Abbas should channel his anger into action toward a settlement and better life for his people, Haley said. She did not pledge, as U.S. diplomats and presidents had done for more than two decades before Trump, that the result of negotiations would be an independent Palestinian state.

She also addressed comments earlier this month from senior Palestinian negotiator Saeb Erekat, who accused the United States of seeking a "coup" to depose Abbas. Erekat was also quoted in the same interview as advising Haley to "shut up and realize the Palestinian leadership is not the problem."

"I will not shut up. Rather, I will respectfully speak some hard truths," Haley said as she criticized Abbas and her United Nations colleagues for what she called bias against Israel.

The session marked the first time any senior U.S. officials have even been in the same room with Abbas for months. Abbas entered moments before speaking, skipping the greetings among ambassadors, U.N. Secretary General António Guterres and the U.N. Mideast representative, Nikolay Mladenov.

He stood to go immediately after he concluded his by-invitation address, startling Haley and leaving Israeli U.N. Ambassador Danny Danon to dismiss him as a coward.

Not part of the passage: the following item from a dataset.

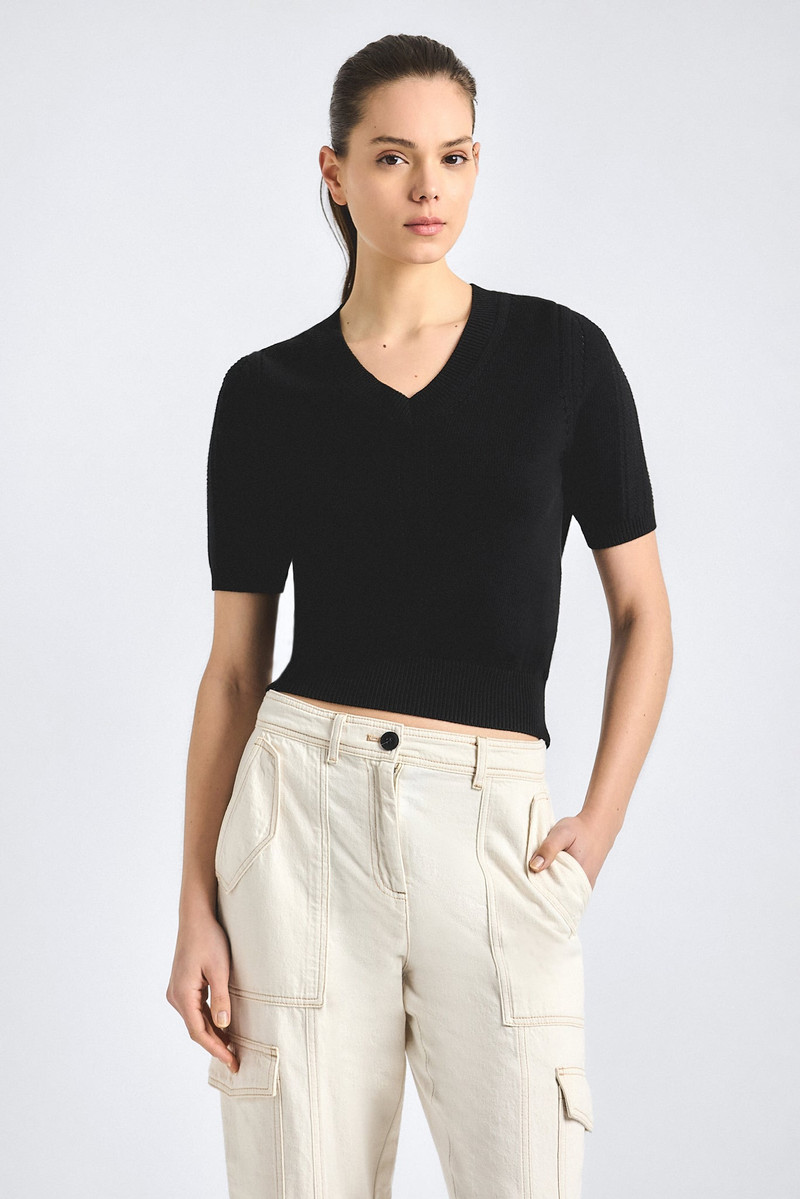SERENEA POINTELLE SWEATER 1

"Once again he is running away," Danon said. "He put his demands on the table and he left, and he is expecting you to deliver the results. It's not going to work that way. The only way to achieve results is to have direct negotiations."

Both Israel and the Palestinians routinely accuse one another of being the obstacle to successful negotiations, as their representatives did Tuesday, but both have also habitually cultivated the United States as the most important intermediary.

Abbas said Trump's embassy move was a "dangerous" prejudging of the status of Jerusalem, holy to three religions. Security Council diplomats from France, Sweden and other states made the same point more delicately. Diplomats also urged Trump to reinstate funding he cut for Palestinian refugees.

"We call upon the United States not to renounce on their historic and essential role they have been playing," as a major donor, French U.N. Ambassador François Delattre said.

Palestinians claim east Jerusalem as the capital of a future state. The United States had long maintained that the city's status could only be resolved through direct negotiations between Israel and the Palestinians.

Abbas sought out Trump early in his presidency, despite Trump's campaign pledge to move the embassy and frequent pro-Israel statements as a candidate. The Palestinian was among the earlier foreign leaders to visit the White House, in May of last year, and used the visit to praise Trump as a leader committed to peace.

"I believe that we are capable under your leadership and under your courageous stewardship and your wisdom as well as your great negotiating ability ," Abbas said as he stood alongside Trump then. "I believe we can be partners - true partners to you - to bring about a historic peace treaty," Abbas said through an interpreter. "Now, Mr. President, with you we have hope."

Trump offered his services as a broker and assured Abbas, "We will get this done."

The two met again at the U.N. General Assembly in September. Trump phoned Abbas in December to inform him of the Jerusalem decision, and invited him to pay another White House visit. Abbas has not accepted.

Trump has recently cast doubt on his own Mideast peace project.

"I don't know, frankly, if we are going to even have talks," Trump said in an interview this month with the conservative Israeli newspaper Israel Hayom. "But I think it is very foolish for the Palestinians and I also think it would be very foolish for the Israelis if they don't make a deal. It's our only opportunity and it will never happen after this."

A White House spokesman, Josh Raffel, said Kushner and Greenblatt "appreciated the opportunity to listen to his speech. We were hoping to hear some new and constructive ideas."

The U.S. proposal remains in the works, Raffel said. "We will present it when it is done and the time is right."